Logical volume management concepts
Logical volume and its effective management make it easier to handle disk space. If an LVM hosted file system needs space, it can be allocated to its logical volume from the free space in its volume group and the file system can be resized. If a disk starts to fail, a replacement disk can be registered as a physical volume with the volume group, and the logical volume extents can be migrated to the new disk.
Physical storage devices preserve data in logical volume. These block devices can be either disk partitions or whole disks. They must be initialised as LVM devices in order to be used as an LVM.
Physical volume: These are used for underlying physical devices in volume groups. LVM automatically converts physical volumes into physical extents. Physical extents are the smallest chunks of data — the smallest storage block on a physical volume.

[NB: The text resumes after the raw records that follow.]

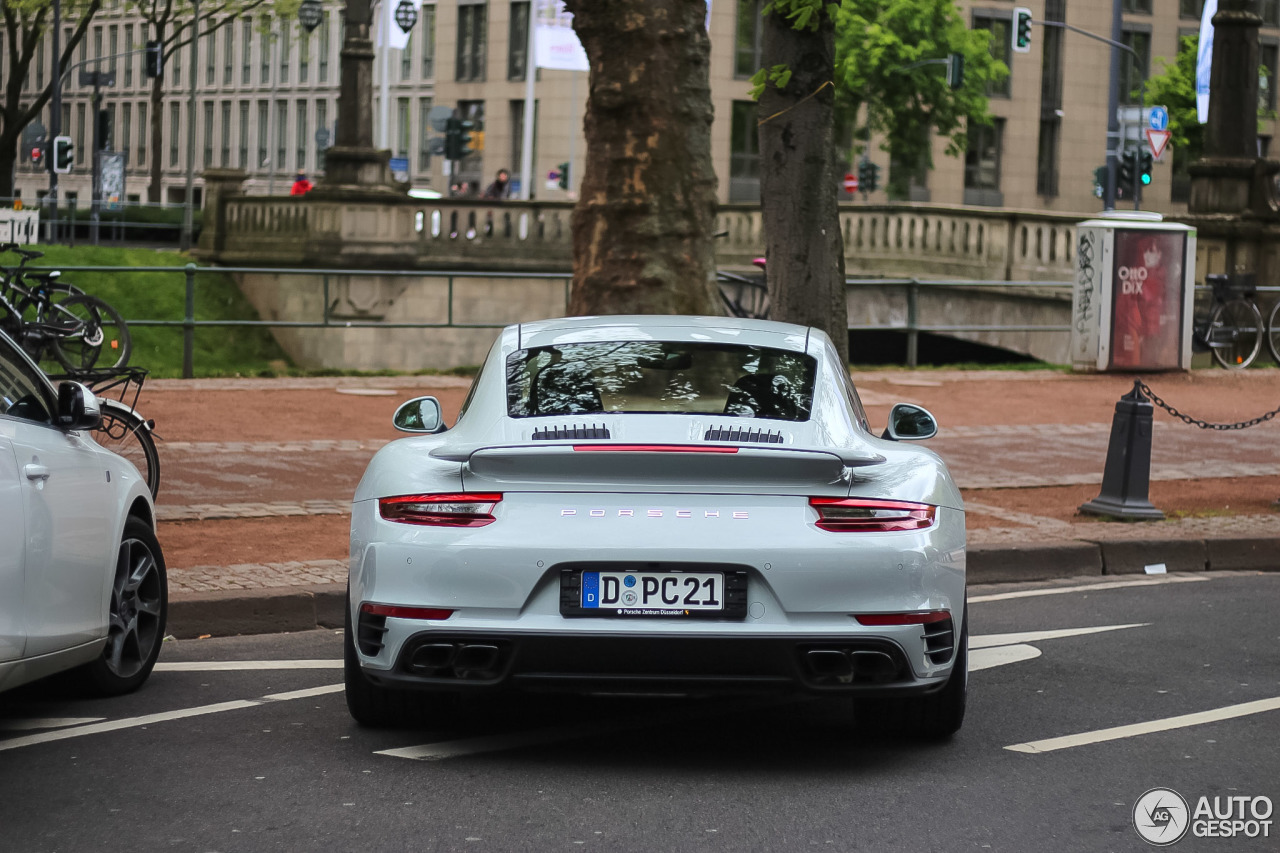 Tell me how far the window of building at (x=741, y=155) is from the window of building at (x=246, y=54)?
34328 millimetres

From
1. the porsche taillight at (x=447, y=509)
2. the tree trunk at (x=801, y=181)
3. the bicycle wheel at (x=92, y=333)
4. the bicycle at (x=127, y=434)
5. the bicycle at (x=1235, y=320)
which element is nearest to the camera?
the porsche taillight at (x=447, y=509)

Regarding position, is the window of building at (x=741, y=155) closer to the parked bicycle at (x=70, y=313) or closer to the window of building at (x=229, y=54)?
the window of building at (x=229, y=54)

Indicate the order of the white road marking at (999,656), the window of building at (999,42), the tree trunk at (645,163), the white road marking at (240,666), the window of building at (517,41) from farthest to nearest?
1. the window of building at (999,42)
2. the window of building at (517,41)
3. the tree trunk at (645,163)
4. the white road marking at (999,656)
5. the white road marking at (240,666)

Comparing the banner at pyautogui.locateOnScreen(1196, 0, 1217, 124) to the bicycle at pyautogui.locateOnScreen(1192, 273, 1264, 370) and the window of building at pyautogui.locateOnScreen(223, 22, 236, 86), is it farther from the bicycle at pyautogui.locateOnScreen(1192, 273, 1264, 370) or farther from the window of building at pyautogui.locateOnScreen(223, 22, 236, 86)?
the window of building at pyautogui.locateOnScreen(223, 22, 236, 86)

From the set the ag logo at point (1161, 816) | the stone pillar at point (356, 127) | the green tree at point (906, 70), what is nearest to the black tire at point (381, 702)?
the ag logo at point (1161, 816)

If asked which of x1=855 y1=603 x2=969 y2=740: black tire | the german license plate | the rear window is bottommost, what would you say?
x1=855 y1=603 x2=969 y2=740: black tire

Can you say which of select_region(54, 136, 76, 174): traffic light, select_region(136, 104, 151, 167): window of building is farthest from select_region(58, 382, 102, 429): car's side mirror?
select_region(136, 104, 151, 167): window of building

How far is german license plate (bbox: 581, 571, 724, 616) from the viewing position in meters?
5.43

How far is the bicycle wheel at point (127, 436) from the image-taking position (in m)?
10.4

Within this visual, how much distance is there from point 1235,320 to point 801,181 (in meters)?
13.9

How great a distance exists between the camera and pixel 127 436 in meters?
10.5

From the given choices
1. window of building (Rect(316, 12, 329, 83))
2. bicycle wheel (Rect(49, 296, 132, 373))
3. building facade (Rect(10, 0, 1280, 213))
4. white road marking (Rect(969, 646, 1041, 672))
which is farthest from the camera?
A: window of building (Rect(316, 12, 329, 83))

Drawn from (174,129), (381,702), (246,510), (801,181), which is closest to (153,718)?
(381,702) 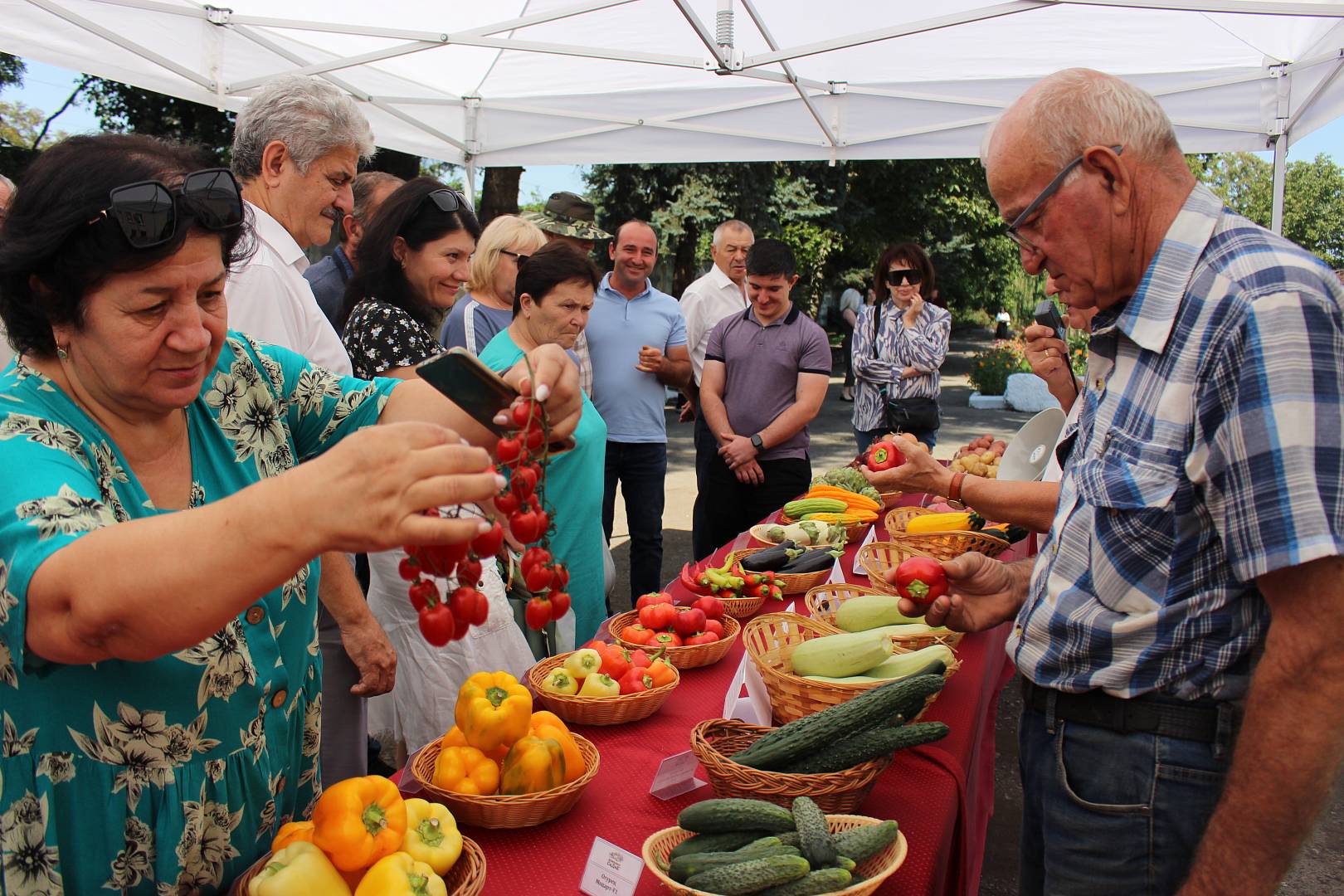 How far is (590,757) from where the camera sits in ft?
6.82

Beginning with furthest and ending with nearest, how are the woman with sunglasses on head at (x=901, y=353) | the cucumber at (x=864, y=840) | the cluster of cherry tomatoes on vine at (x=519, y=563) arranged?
the woman with sunglasses on head at (x=901, y=353)
the cucumber at (x=864, y=840)
the cluster of cherry tomatoes on vine at (x=519, y=563)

Volume group: This consists of one or more physical volumes. A particular physical volume can be allocated to only one volume group. A volume group can consist of unused space and it can have more than one LVM.
Logical volumes: Logical volumes are created from free physical extents in volume group, and provide the storage device that can be used by users and operating systems. Logical volumes are a collection of logical extents that map to physical extents (a physical extent is the smallest storage chunk of a physical volume). By default, each logical extent maps to one PE. But this mapping can be changed by using specific options.
Implementing LVM storage
Preparing the physical device
We have to create a partition of any size but remember to change the type of partition to the Linux LVM by using code 8e.

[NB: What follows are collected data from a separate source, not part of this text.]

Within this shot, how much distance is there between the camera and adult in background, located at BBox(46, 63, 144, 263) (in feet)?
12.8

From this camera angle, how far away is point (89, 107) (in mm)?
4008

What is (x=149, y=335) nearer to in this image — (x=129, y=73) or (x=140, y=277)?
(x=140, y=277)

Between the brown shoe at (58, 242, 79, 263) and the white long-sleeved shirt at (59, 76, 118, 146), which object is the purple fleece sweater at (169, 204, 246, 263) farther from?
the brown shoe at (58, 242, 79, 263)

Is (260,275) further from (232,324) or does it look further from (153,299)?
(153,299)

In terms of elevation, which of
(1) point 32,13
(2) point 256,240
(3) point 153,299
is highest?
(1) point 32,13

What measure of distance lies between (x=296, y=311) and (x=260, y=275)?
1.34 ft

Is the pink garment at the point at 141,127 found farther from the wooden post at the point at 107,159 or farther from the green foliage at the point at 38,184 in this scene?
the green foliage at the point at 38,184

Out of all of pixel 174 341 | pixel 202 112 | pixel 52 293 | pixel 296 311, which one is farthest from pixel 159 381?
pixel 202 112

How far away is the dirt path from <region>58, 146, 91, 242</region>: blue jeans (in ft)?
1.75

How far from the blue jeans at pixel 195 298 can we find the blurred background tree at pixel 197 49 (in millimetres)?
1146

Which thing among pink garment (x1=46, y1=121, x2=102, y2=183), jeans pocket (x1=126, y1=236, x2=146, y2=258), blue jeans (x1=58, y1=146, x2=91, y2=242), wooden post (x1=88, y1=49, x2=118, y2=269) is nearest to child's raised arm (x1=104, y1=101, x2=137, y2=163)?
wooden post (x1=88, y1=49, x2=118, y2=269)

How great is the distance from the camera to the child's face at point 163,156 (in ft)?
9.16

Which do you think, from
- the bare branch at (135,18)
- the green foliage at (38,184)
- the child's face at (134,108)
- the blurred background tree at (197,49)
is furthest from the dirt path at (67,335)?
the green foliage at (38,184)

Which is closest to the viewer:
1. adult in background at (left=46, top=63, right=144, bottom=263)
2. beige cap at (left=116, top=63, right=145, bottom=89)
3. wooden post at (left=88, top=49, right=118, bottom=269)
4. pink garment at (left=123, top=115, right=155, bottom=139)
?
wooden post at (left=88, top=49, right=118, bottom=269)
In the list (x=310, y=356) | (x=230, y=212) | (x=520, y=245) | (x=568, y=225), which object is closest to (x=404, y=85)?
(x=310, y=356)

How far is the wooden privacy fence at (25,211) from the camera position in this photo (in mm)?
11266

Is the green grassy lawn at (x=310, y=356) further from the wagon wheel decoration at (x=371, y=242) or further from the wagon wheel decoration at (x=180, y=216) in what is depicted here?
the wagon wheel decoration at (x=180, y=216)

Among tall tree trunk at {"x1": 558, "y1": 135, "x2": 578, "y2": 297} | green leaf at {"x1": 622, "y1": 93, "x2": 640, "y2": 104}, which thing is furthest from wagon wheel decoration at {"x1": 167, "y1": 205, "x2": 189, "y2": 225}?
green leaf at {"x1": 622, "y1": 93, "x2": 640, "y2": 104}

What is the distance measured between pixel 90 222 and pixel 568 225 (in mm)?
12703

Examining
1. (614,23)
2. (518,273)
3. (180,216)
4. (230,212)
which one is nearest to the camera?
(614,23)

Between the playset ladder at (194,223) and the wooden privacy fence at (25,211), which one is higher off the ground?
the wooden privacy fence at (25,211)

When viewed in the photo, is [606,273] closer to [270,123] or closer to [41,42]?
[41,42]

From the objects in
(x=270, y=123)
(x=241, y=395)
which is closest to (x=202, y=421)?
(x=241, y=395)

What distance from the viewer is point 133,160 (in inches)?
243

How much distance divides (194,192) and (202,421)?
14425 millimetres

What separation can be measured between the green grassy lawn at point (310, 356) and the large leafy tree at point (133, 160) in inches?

Creating a physical volume
Physical volume can be created by the pvcreate command as shown in Figure 7. pvdisplay is used to verify the created physical volume.
Creating a volume group
A volume group can be created by vgcreate and then by providing the name of the volume group. vgdisplay is used to verify volume group.
Creating a logical volume
An LVM can be created by using the lvcreate command, whereby we specify the size of the LVM using the -L option and the name of the LVM with the -n option, after which the volume group’s name needs to be provided.
The logical volume size can be extended, provided space is available in the associated volume group. If so, then the lvresize command can be used to extend the LVM. You can verify the size of the extended LVM by using the lvdisplay command.
To conclude, here are some reasons why disk partitioning is necessary or beneficial:
- Allows multi-booting of different operating systems from the same disk.
- Separates the operating system and program files from the user files.
- Creates separate areas for OS virtual memory swapping.
- Limits disk usage to improve performance of diagnostic tools and backup imaging.